Butternut Squash Black Bean Chili
Butternut squash and black beans are spiced with both ancho and chipotle chili powders in this hearty winter warmer. This squash spin on an American classic proves the adage “if you think chili needs meat, you don’t know beans!”
2 tablespoons extra virgin olive oil
1 butternut squash, peeled and diced
1 onion, diced
4 cloves garlic, minced
2 tablespoons Ancho chili powder
½ teaspoon ground chipotle chili powder
1 tablespoon ground cumin
½ teaspoon salt
¼ teaspoon salt
2 ½ cups vegetable broth
2 (15 ounce) cans black beans, rinsed
1 (15 ounce) can tomatoes with green peppers
4 teaspoons lime juice
½ cup chopped cilantro
Place the oil in a large pot or dutch oven over medium-high heat. Add the butternut squash and onion and cook for about 4 minutes, or until the onion softens slightly. Season with the garlic, chili powders, cumin and salt. Stir to ensure the spices are evenly distributed and cook for about 30 seconds more, or until they become fragrant.

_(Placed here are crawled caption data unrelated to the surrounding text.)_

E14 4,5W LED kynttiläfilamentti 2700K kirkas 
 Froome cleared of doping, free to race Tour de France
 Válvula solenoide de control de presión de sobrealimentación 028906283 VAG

Add the stock and bring the mixture to a simmer. Cover, reduce heat to medium-low and simmer for about 10 minutes, or until the butternut squash is tender.
Add the beans, tomatoes and lime juice to the pot. Increase heat the high cook for about 4-5 minutes, or until it’s slightly reduced. Remove from heat, stir in the cilantro and enjoy!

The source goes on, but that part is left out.